__Exercise aim__.
Once you reach the line that contains "this 978×652 image.", retype it and every line after it exactly, ending with the last line of the entries.
_____
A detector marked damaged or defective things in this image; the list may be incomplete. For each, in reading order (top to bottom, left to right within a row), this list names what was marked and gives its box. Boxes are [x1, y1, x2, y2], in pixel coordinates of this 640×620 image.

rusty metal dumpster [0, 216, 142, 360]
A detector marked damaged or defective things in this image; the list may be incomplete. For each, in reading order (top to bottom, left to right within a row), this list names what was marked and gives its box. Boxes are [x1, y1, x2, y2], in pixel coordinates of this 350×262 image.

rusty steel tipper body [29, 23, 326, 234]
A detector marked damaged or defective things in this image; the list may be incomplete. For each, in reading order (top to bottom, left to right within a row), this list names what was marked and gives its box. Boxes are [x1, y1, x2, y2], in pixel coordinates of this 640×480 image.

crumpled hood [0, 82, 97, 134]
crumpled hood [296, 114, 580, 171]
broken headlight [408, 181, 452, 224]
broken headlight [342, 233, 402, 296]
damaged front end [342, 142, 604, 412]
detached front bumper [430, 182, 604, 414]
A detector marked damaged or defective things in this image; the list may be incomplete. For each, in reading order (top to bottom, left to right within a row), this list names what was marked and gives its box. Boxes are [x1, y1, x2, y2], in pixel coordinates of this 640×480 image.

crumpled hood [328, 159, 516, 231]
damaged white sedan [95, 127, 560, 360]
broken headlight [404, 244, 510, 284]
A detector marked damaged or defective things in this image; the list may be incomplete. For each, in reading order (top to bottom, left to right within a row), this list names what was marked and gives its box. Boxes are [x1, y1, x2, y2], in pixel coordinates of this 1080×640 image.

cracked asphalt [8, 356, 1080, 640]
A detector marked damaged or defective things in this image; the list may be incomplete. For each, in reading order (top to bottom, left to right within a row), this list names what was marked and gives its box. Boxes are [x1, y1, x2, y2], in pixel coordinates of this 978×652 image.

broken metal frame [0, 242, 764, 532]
_____
__Written answer__.
A detector marked damaged or defective things in this image; the list may be incomplete. For each, in reading order (top to bottom, left to right within a row), this list names what was marked and gives its box. Boxes are [x1, y1, x2, y2], in pixel coordinates of this 978×652 image.

broken metal frame [0, 242, 764, 532]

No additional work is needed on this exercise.